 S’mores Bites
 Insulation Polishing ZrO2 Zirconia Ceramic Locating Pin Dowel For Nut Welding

---

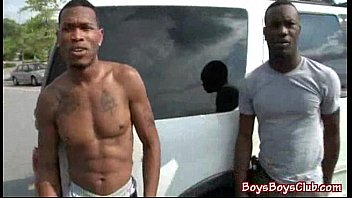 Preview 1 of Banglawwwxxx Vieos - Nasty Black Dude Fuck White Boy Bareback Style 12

→ Task goal: In the entries above, the lines from the one bearing "S’mores Bites" up to and including the one bearing "Insulation Polishing ZrO2" should be transcribed exactly; no other line is wanted.

→ Task response:
 S’mores Bites
 Insulation Polishing ZrO2 Zirconia Ceramic Locating Pin Dowel For Nut Welding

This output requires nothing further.